=== Begin Enclosure ===
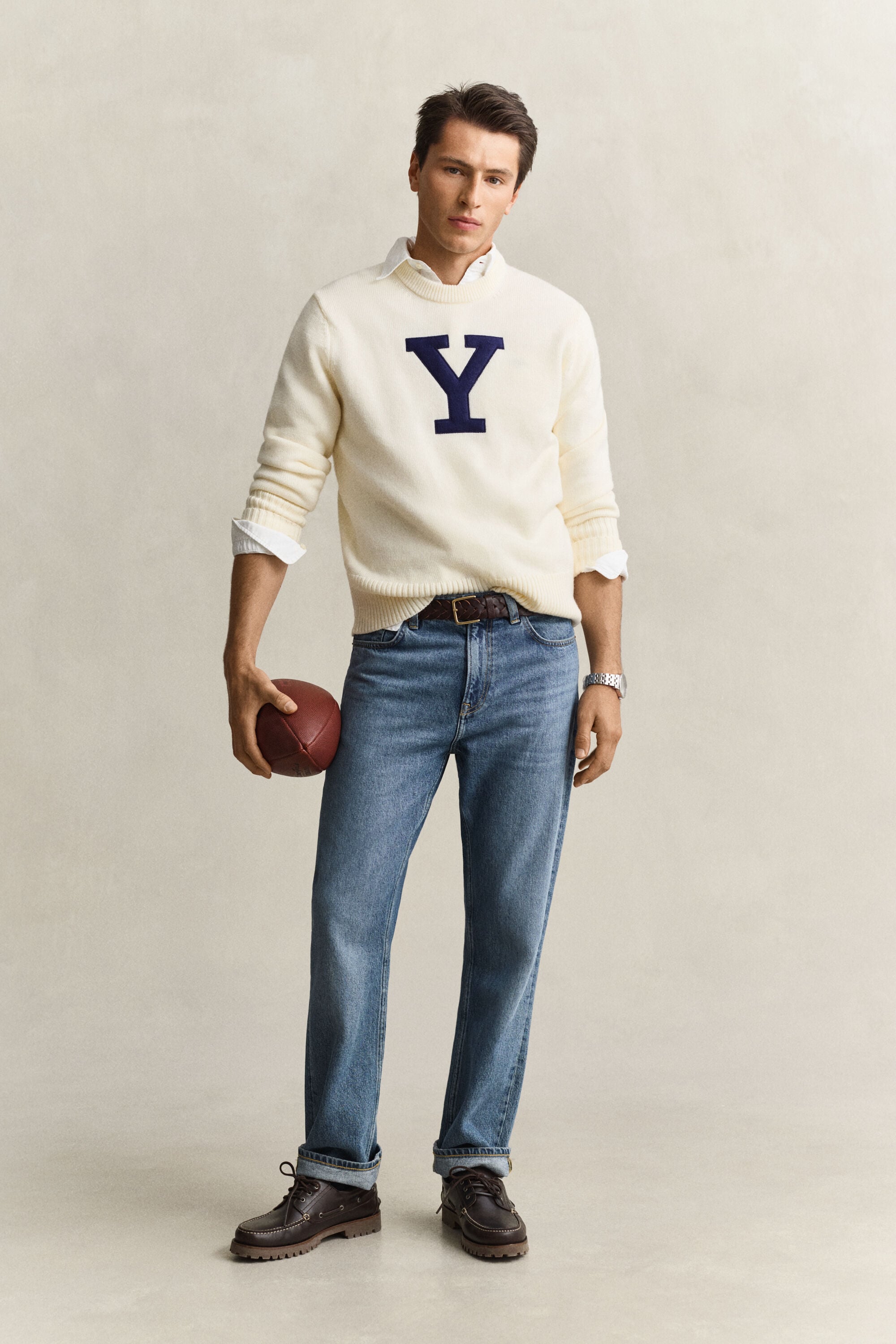 Gant x Yale sweater i merinould
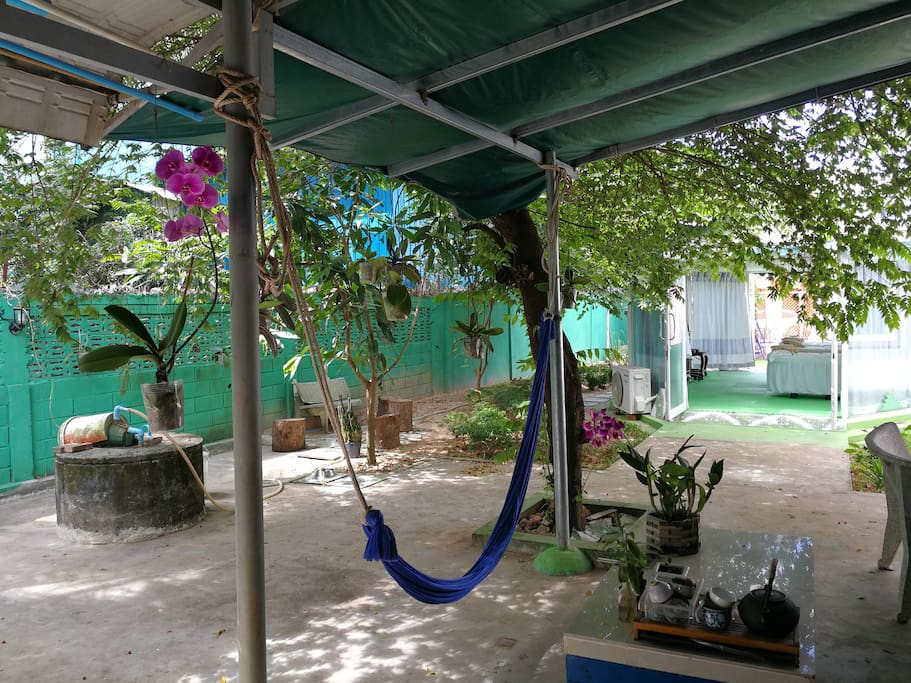 garden to relax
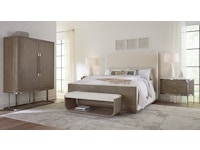 Hooker Furniture Bedroom Modern Mood Cal King Upholstered Panel Bed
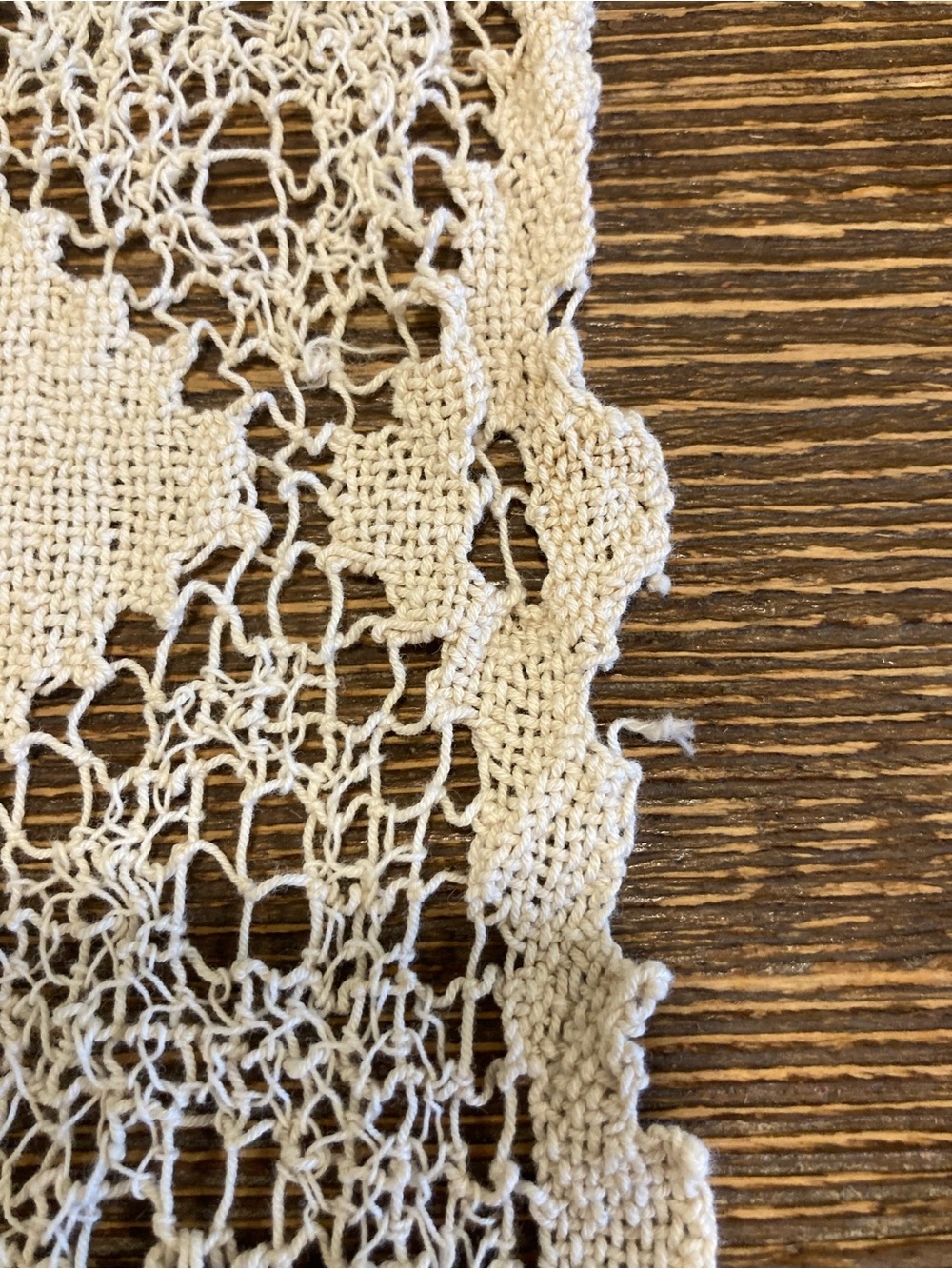 Crochet Tablecloth Square Floral Design In Cream Color - Picture 11 of 13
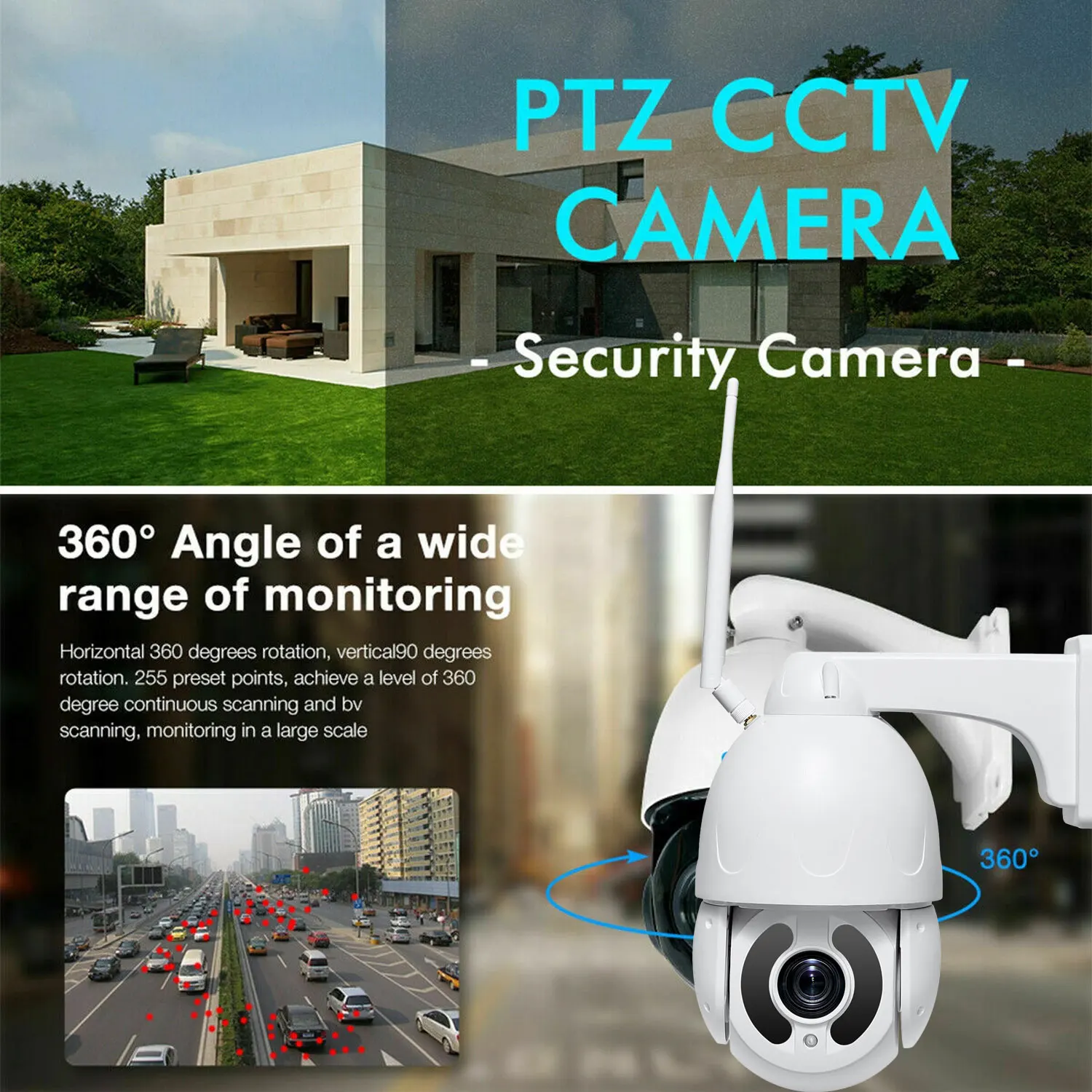 4G Wifi PTZ IP Камера металлический 5MP 30X зум двухстороннее аудио AI автоматическое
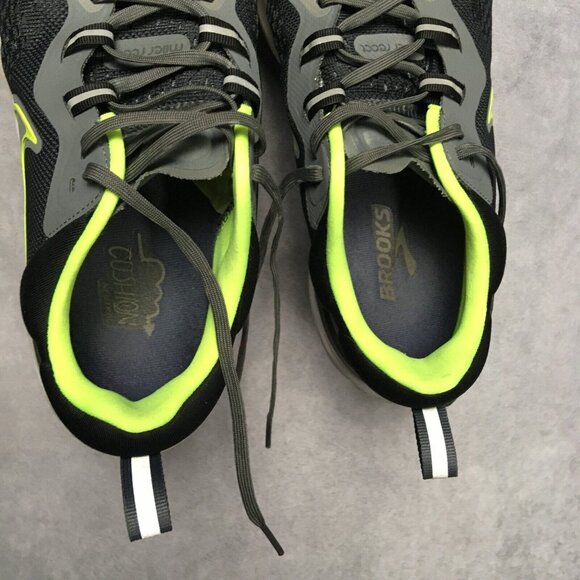 Nike Mens React Miler 2 Running Shoes size 12.5 Sneakers Smoke Grey Volt Black‎ main image 9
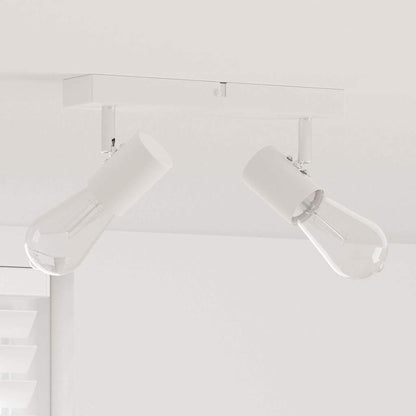 Faretto da soffitto Bianco 26 x 6,5 x 11,5 cm Metallo | homemem39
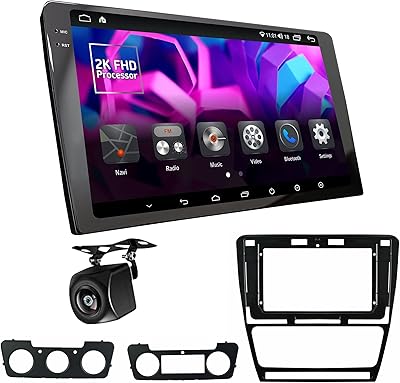 Autoradio ujar compatible avec skoda octavia 2008-2013 10 pouces android 12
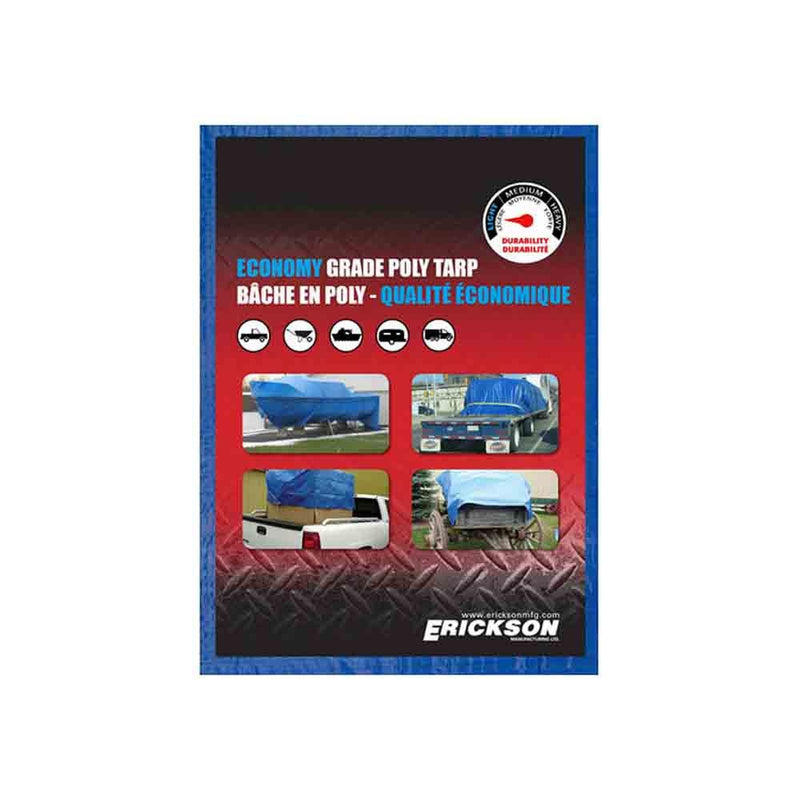 Load image into Gallery viewer, 8 ft. x 10 ft. Economy Grade Poly Tarp
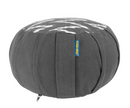 Natural Buckwheat Zafu Meditation Cushion- Round Patterned Pleated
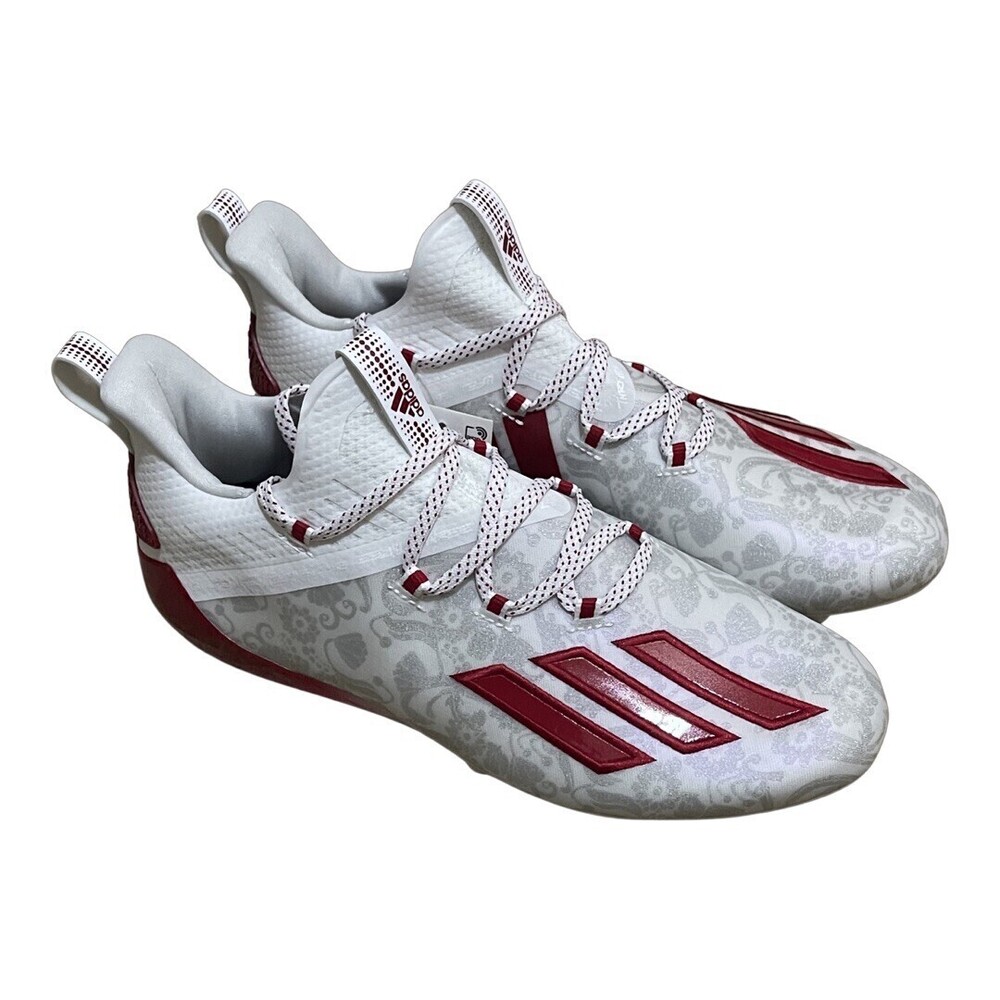 Adidas Adizero Reign Young King Football Cleats FU6708 Floral RED Mens Size 8.5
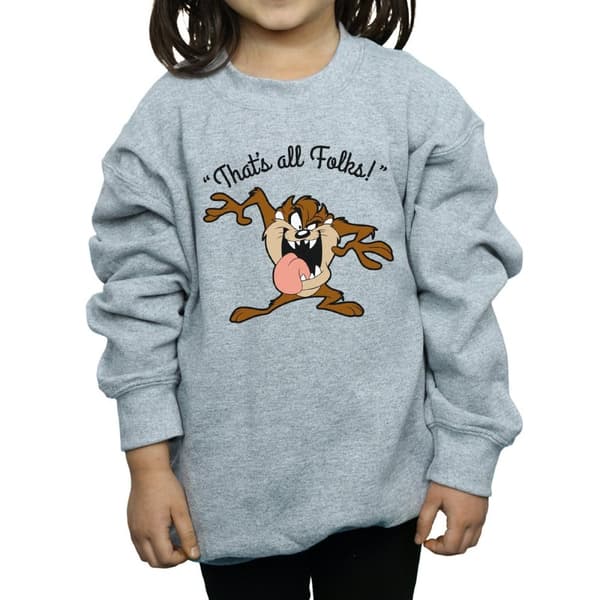 Looney Tunes Girls Taz That´s All Folks Sweatshirt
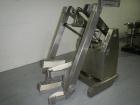 Used Muller Drum Lift and Tilt, Type SLDNE75/4, stainless steel construction, rated 150 kg capacity, serial #923725, new 1992.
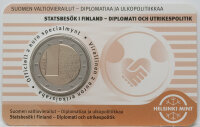 Runde Münze mit geprägtem Löwe-Motiv,...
=== End Enclosure ===
Task prompt: The reply is to be all the records above, transcribed exactly, with no pictures.

Finished exercise:
 Gant x Yale sweater i merinould
 garden to relax
 Hooker Furniture Bedroom Modern Mood Cal King Upholstered Panel Bed
 Crochet Tablecloth Square Floral Design In Cream Color - Picture 11 of 13
 4G Wifi PTZ IP Камера металлический 5MP 30X зум двухстороннее аудио AI автоматическое
 Nike Mens React Miler 2 Running Shoes size 12.5 Sneakers Smoke Grey Volt Black‎ main image 9
 Faretto da soffitto Bianco 26 x 6,5 x 11,5 cm Metallo | homemem39
 Autoradio ujar compatible avec skoda octavia 2008-2013 10 pouces android 12
 Load image into Gallery viewer, 8 ft. x 10 ft. Economy Grade Poly Tarp
 Natural Buckwheat Zafu Meditation Cushion- Round Patterned Pleated
 Adidas Adizero Reign Young King Football Cleats FU6708 Floral RED Mens Size 8.5
 Looney Tunes Girls Taz That´s All Folks Sweatshirt
 Used Muller Drum Lift and Tilt, Type SLDNE75/4, stainless steel construction, rated 150 kg capacity, serial #923725, new 1992.
 Runde Münze mit geprägtem Löwe-Motiv,...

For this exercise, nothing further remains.